We know that the police struggle to jail sex attackers. So how can a reporter catch a sexual predator – and collect enough evidence to secure a criminal conviction? One of i’s journalists, Charlotte Philby, has helped to do just that.
My old job, running our newsroom, threw up ethical teasers. When to deploy subterfuge. Whether or not to self-censor – for instance, if publication could carry tragic consequences for the subject of a story. And when to pull a reporter off a scoop because its pursuit poses a risk to their safety.
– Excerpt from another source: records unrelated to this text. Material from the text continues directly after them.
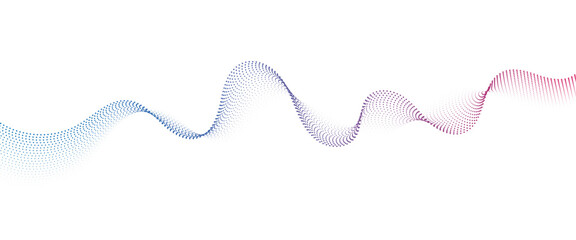 background Flowing Dot Wave halftone gradient pattern on transparent background	

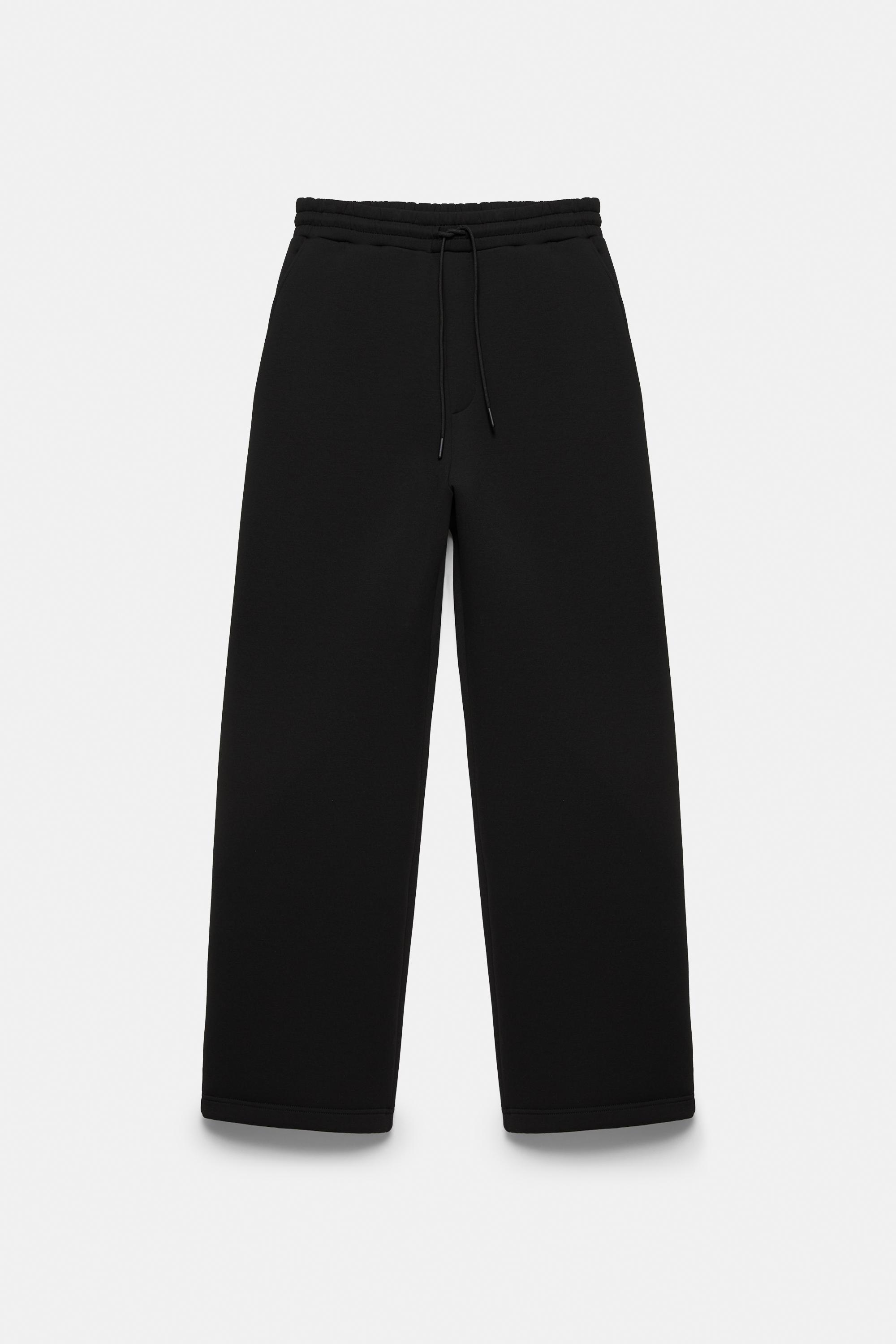 Neoprene-effect baggy trousers — Black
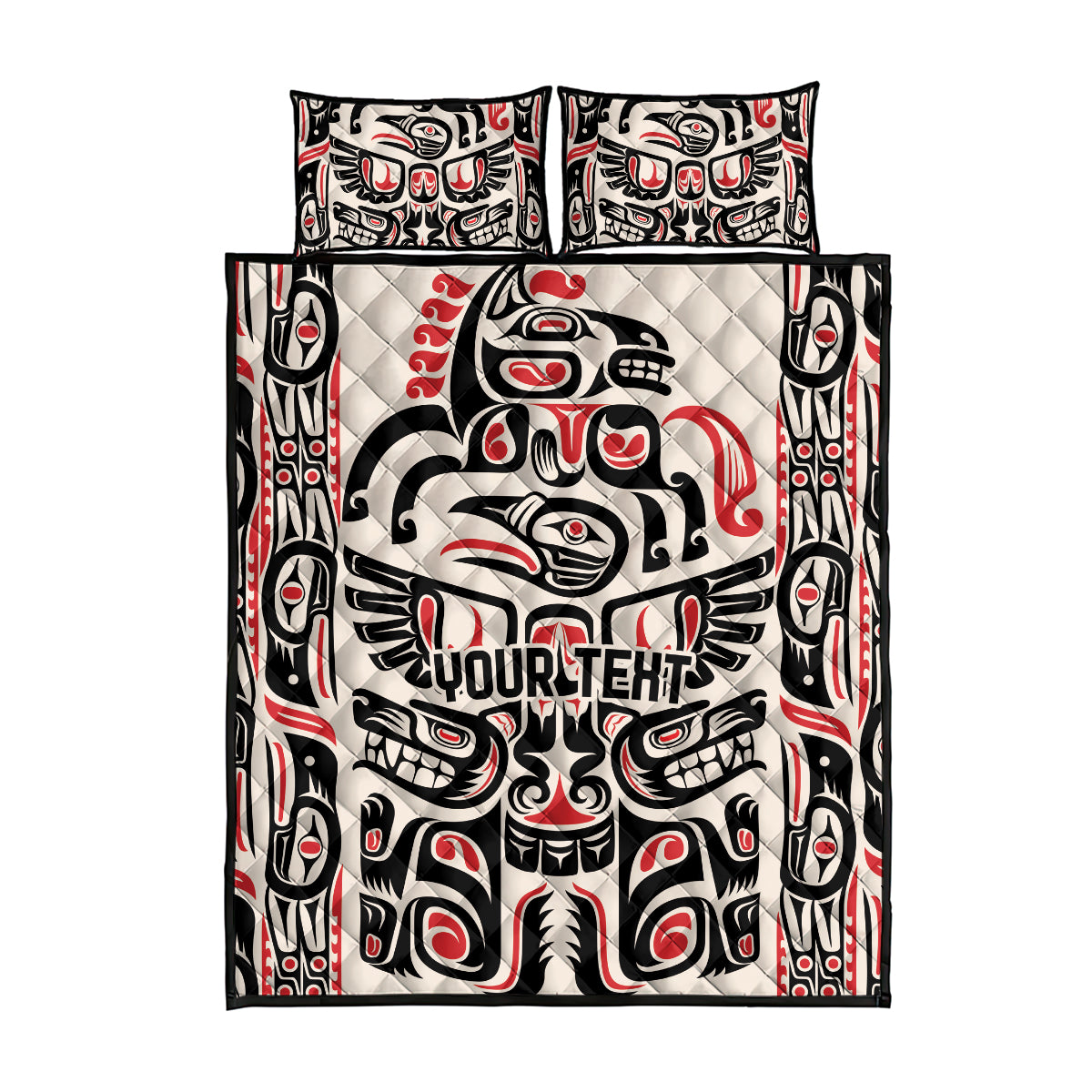 Bed quilt set with two pillow shams and black, white, red tribal totem artwork, flat lay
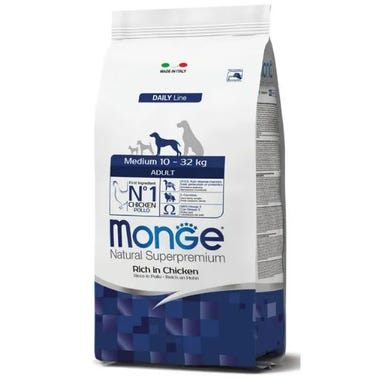 Clarins Monge Ricco Di Pollo Cibo Secco Cani Adulti Taglia Media Sacco 12Kg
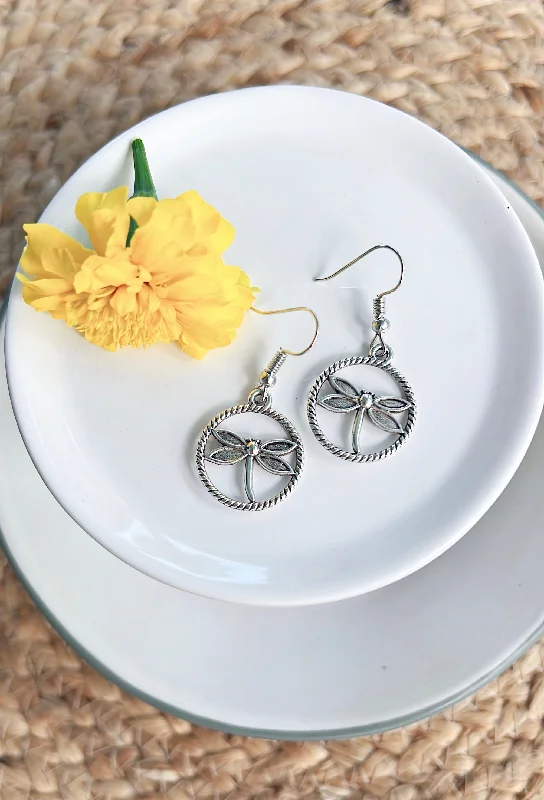 Ladies rings personalized-Dainty Round Dragonfly Earrings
In November, we had to decide whether to let Charlotte meet a man who was posing as an academic, to dupe young women into having sex with him in return for a fictitious £15,000 university “scholarship”. Unless we could covertly record him, there was no proof – and he would carry on attacking. But at what point should she make her excuses and leave? Before she set foot in the apartment he’d rented, we decided. So we set up the sting in a café. An undercover reporter sat on the next table and the predator told Charlotte she must perform a sexual “practical assessment” to get the money. Bingo. We handed our footage to the Met and yesterday the man admitted trafficking and voyeurism. He faces a jail sentence.
It was not the usual fare for i’s pages. Yesterday’s guilty pleas, though, served to vindicate that considered use of deception in the aftermath of Leveson.